Click to See Complete Forum and Search --> : Using sed with grouping


bykedog
06-18-2003, 12:45 PM
Hello,

I am trying to replace a large number of links in several webpages. The idea is to change this:(Examples are all one line, no CR)<a href="http://www.firstgov.gov/" class="smalltext"> to this:<a href="javascript:openScript('/redirect.php?
redirect=http://www.firstgov.gov/',650,450)" class="smalltext"> I came up with this:sed -e "s/href\=\"\(http.*\)\"/href=\"javascript\:openScript\(\'\/redirect\.php\?
redirect=\1\'\,650\,450\)\"/g" page4.php.old > page4.php.new This only works when the line in the page is:<a class="smalltext" href="http://www.firstgov.gov/"> otherwise I get:<a href="javascript:openScript('/redirect.php?redirect
=http://www.firstgov.gov" class="smallesttext',650,450)"> So how to I tell sed to make the grouping between the first set of matching quotes, not the first and last quote on the line?

thanks in advance

Strogian
06-18-2003, 01:39 PM
Tip #1: Use single quotes to enclose your sed script, if at all possible. That really cuts down on the number of backslashes you'll need.

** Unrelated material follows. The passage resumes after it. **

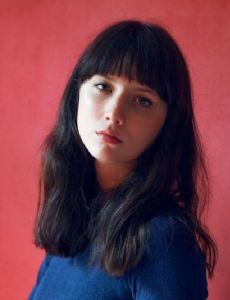 Romy Lauwers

Now that that's out of the way.. :)

Perl, I think, has a way to switch the "mode" of pattern matching (i.e. greedy/lazy or something like that). I don't think you can do that in sed, though... it's always greedy. You can still do it though, you just have to modify your regular expression. Change it so that only what you want matches -- not what you don't want. Maybe this would work:

Change this:

sed -e "s/href\=\"\(http.*\)\"/href=\"javascript\:openScript\('\/redirect\.php\?
redirect=\1'\,650\,450\)\"/g" page4.php.old > page4.php.new

To this:

sed -e "s/href\=\"\(http[^ ]*\)\"/href=\"javascript\:openScript\('\/redirect\.php\?
redirect=\1'\,650\,450\)\"/g" page4.php.old > page4.php.new


That would work if you expect whatever is in quotes to not have spaces in it. At least, I think that would work. I gotta admit I didn't actually look at the whole thing.. it's too complicated for me. :)

EDIT: Yeah, it changed some stuff to smilies.. Ignore that part. :)

bykedog
06-18-2003, 03:41 PM
Strogian,

Thanks! Your suggestion worked like a charm, since they're all URL's, with no spaces:

sed -e "s/href\=\"\(http[^ ]*\)\"/href=\"javascript\:openScript\('\/redirect\.php\?
redirect=\1'\,650\,450\)\"/g" page4.php.old > page4.php.new

Thanks for the tip too - I ended up using quotes because I had to escape the / (because it's part of the replace text.) I assumed there's another way to use it, but I managed to get this working for now.

Thank's for the tip about perl too. So much to learn so little time.... ;)